A brief overview of my lifestyle:
I'm 26 years old. I have had three committed relationships in the past; the latest of which ended because I was not prepared for the type of commitment she was looking for. OK, it happens.
Now, for the past two years or so I have fallen into a pattern of meeting people, spending time getting to know them, becoming intimate, and then moving on. It has always been cordial. In other words, these said new people know it is casual and hearts have been spared. There are never any secrets. These relationships usually take place concurrently.
These relationships usually sort of fade out but I always remain friendly with just about everyone I come across. They are virtually carefree; I've never been in a fight of jealousy or anger with any of my friends.
I have no trouble meeting women; I'm decent enough looking and personable. I always have plenty to talk about so the majority of my dates turn out fantastic.
I am extremely happy. I'm independent, I have a good job, and I take good care of myself.
I'm curious to hear if this sort of a thing is healthy. I know it's not entirely normal - I'm basically obsessed with meeting new people of different backgrounds. I like to hear everyone's story. The idea of settling down with someone and losing the privilege to live as I see fit just plain sucks (Come on, you can't continue meeting too many new people when you settle down - jealousy, envy, anger are like gravity here)
The gray area I'm looking for opinions on is with respect to intimacy - Is it unhealthy to continue on this way? Shouldn't I be looking to settle down with someone? Why do I lose interest so quickly? Is this lifestyle the key to my current happiness?
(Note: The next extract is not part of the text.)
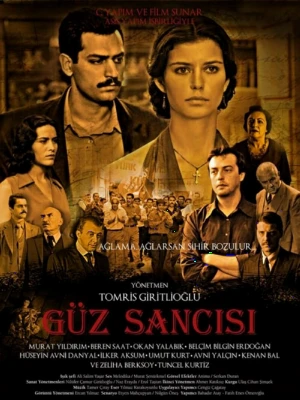 دانلود فیلم ترکی Guz Sancisi دردهای پاییز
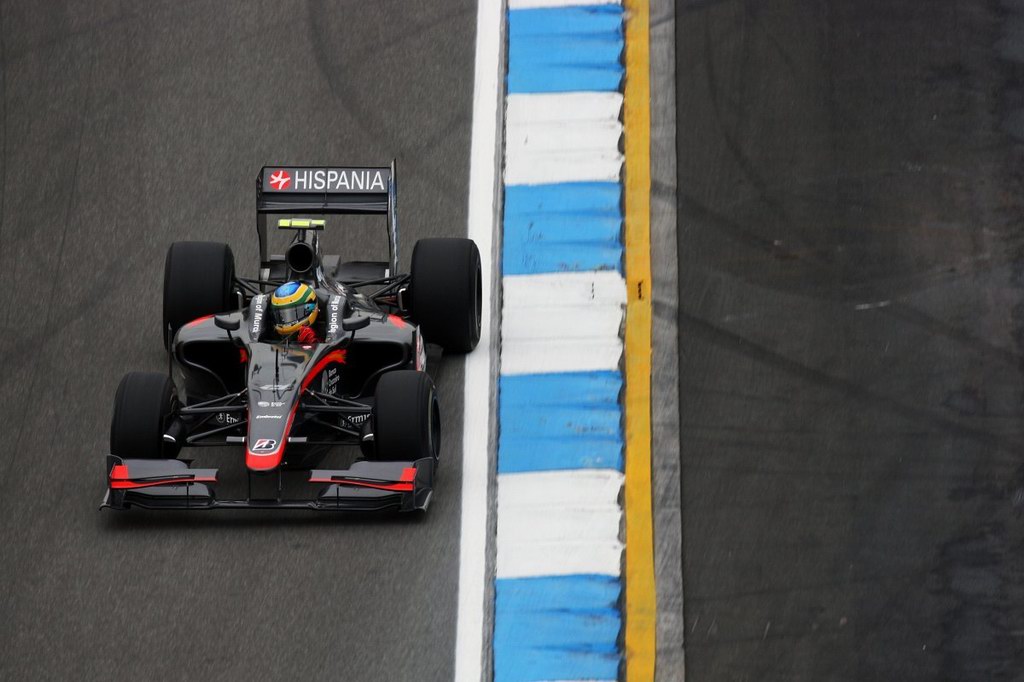 GP Germania - Prove Libere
Was I constructed without the love bone?
I'm not looking for the magic bullet answer here, I'm more interested in an involved discussion or personal anecdotes. Thanks for reading.
posted by Macallister Vagabond to human relations (29 comments total)
3 users marked this as a favorite
You're happy with how you're doing things now, you're being ethical about it (you're telling people upfront what your scene is, which is good) -- why try to be something different if it's not what's making you happy now?
You may change later, but that will be later. And you may not change later, and that's fine too.
don't sweat it. You're in touch with what is and isn't what you personally need right now and you're being open with others about it, and that's the best thing.